Australian Release Date: 26 December 2017
Previewed at: Sony Pictures Theatrette, Sydney, on 4 December 2017.
Life, and the movies, can be strange at times. Just as the year is winding down and the cinemas are filling with light-hearted, escapist fare, along comes one of the most emotionally complex yet engagingly cerebral films of the year - and one of the best. Call Me By Your Name is the new film from Sicilian director Luca Guadagnino, who gave us the wonderful A Bigger Splash two years ago and the sublime I Am Love in 2009. Along with Paolo Sorrentino, he is without doubt one of the finest directors working in Italy today - working anywhere, in fact.
Set in the vicinity of Crema, northern Italy in 1983, the film covers a summer in the life of 17-year-old Elio Perlman (Timothée Chalamet). He's holidaying in the beautiful villa of his erudite, cultured, Jewish American parents, beautifully played by Michael Stuhlbarg and Amira Casar, when everything changes with the arrival of Oliver (Armie Hammer), an older student of his archaeologist father. Until then Elio has been doing what teenage boys do on holiday, swimming, playing sport, bicycling, flirting with local girl Marzia (Esther Garrel) and, naturally, masturbating. Initially annoyed with their guest’s arrival, especially as he has to give up his room for him, the lad soon becomes more and more interested in the older man and, before long, his interest becomes an intense passion. Oliver, who's doing a bit of heterosexual flirting of his own, ignores Elio's crush at first but, as the days pass he begins to respond to him.

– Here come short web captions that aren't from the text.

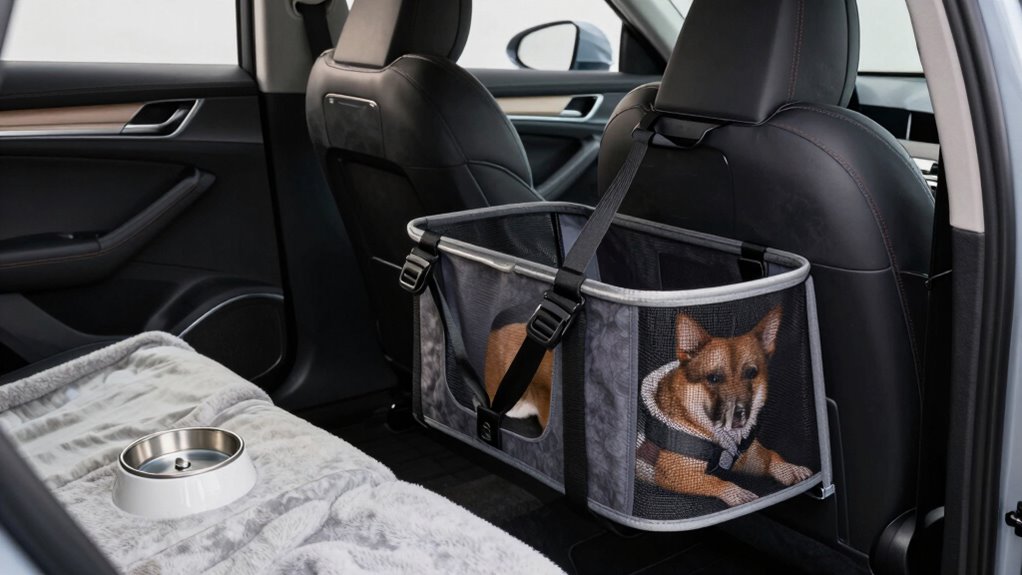 secure comfort pack travel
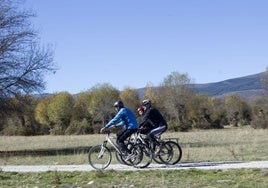 Inyección económica para hacer más 'verdes' los pueblos que rodean el Parque Nacional de Guadarrama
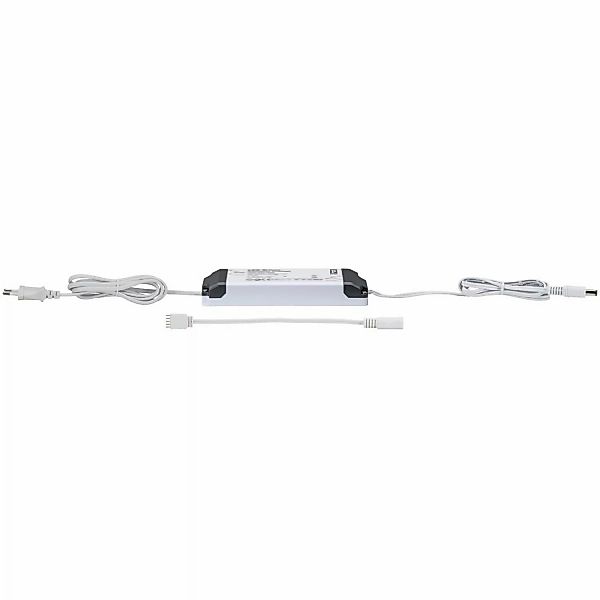 Paulmann LED-Streifen MaxLED Power Supply 230/24V günstig online kaufen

In Call Me by Your Name, Guadagnino and Merchant have crafted an absorbing tale of the power of first love - male or female, hetero or homo, the intensity of this powerful emotion is just as overwhelming for all. The screenwriters have made some changes to the original book but its author approved, even opining that they'd done a better job than he had! To Aciman's great credit, however, in one extremely confessional and moving scene between Elio and his father, his words were used almost verbatim. You'll know this scene when you see it and it will stay with you once you have. The director says he doesn't think of his film as a ‘gay' movie per se, telling Variety that he thought of it as a family-oriented film; that it's about the "transmission of knowledge and [I] hope that people of different generations come to see the film together." Enlightened viewers will agree with him. This is an important film, poignant and powerful and exceedingly beautiful. Don't miss it.